> _Data block_
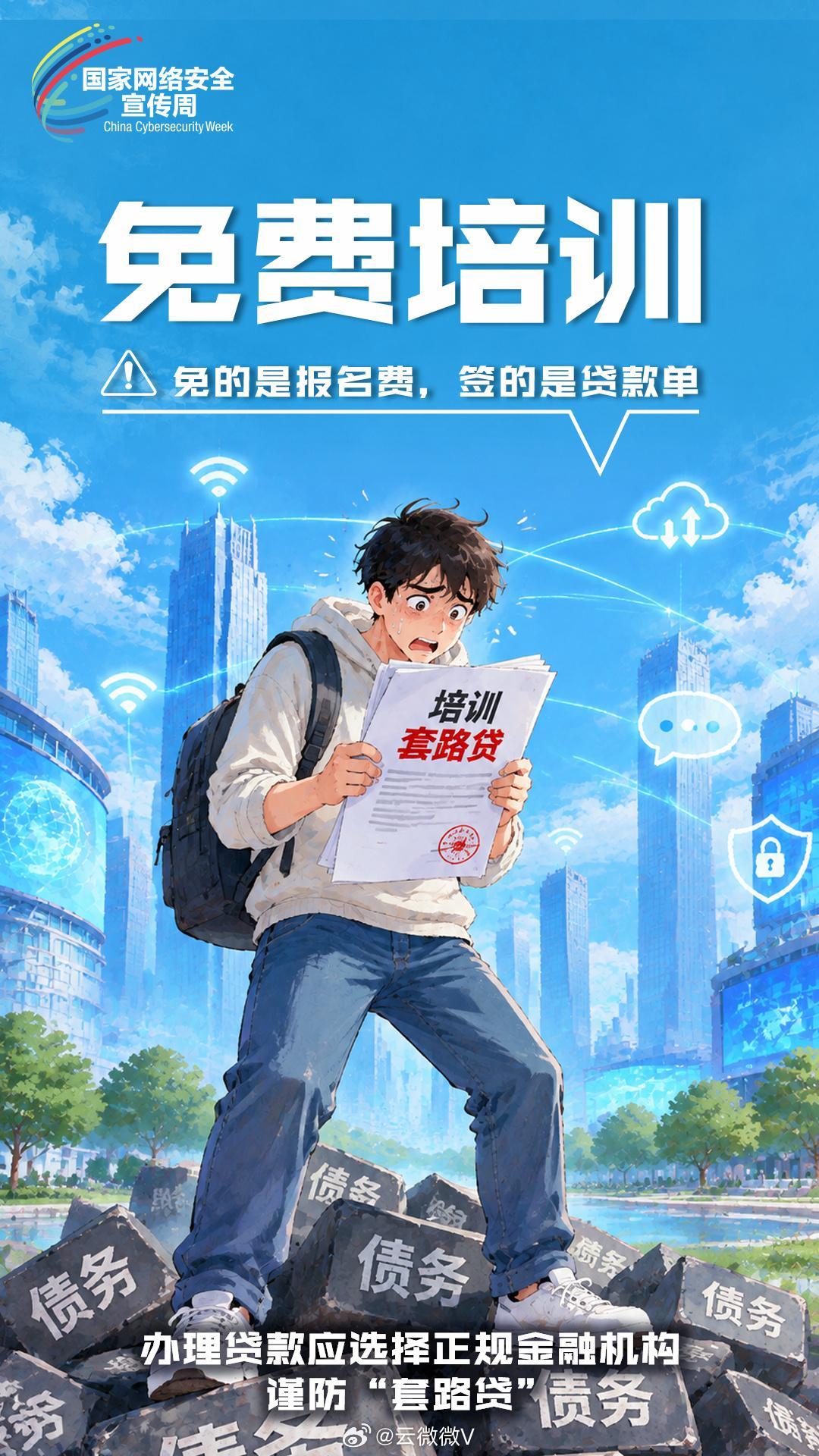 济南这波网络安全提醒很生活【网安细节很重要，安全隐患在每个人的身边】在我们的日常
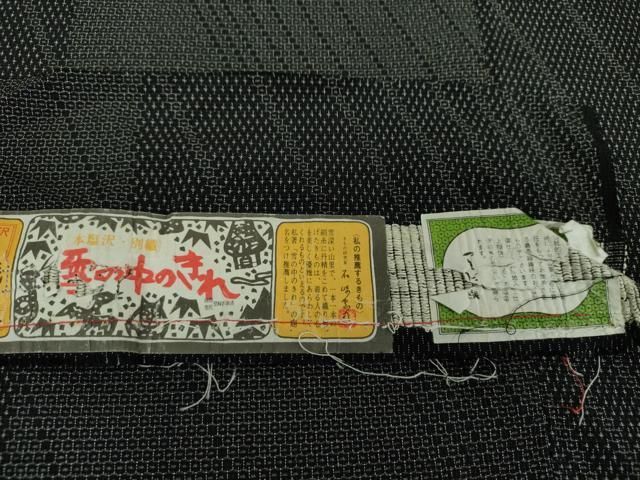 平和屋着物●本塩沢　やまだ織　110亀甲　雪の中のきれ　斜線間道　証紙付き　正絹　逸品　DAAU5824ps 平和屋着物○本塩沢 やまだ織 110亀甲 雪の中のきれ 斜線間道 証紙付き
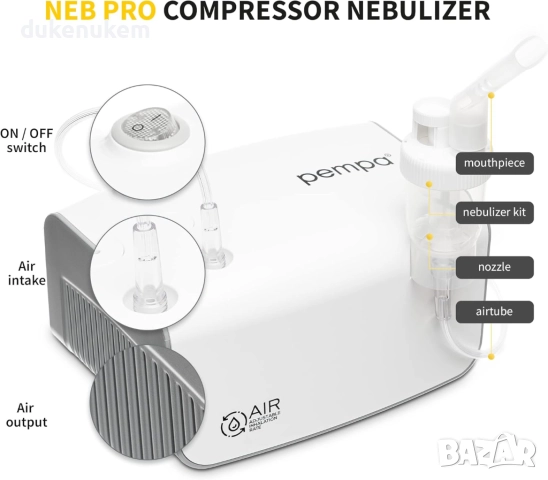 Инхалатор с AIR технология за деца и възрастни, снимка 2 - Друга електроника - 52652196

> _Work required_
An exact copy of the data is required, with the pictures excluded.

> _Output of the task_
 济南这波网络安全提醒很生活【网安细节很重要，安全隐患在每个人的身边】在我们的日常
 平和屋着物●本塩沢　やまだ織　110亀甲　雪の中のきれ　斜線間道　証紙付き　正絹　逸品　DAAU5824ps 平和屋着物○本塩沢 やまだ織 110亀甲 雪の中のきれ 斜線間道 証紙付き
 Инхалатор с AIR технология за деца и възрастни, снимка 2 - Друга електроника - 52652196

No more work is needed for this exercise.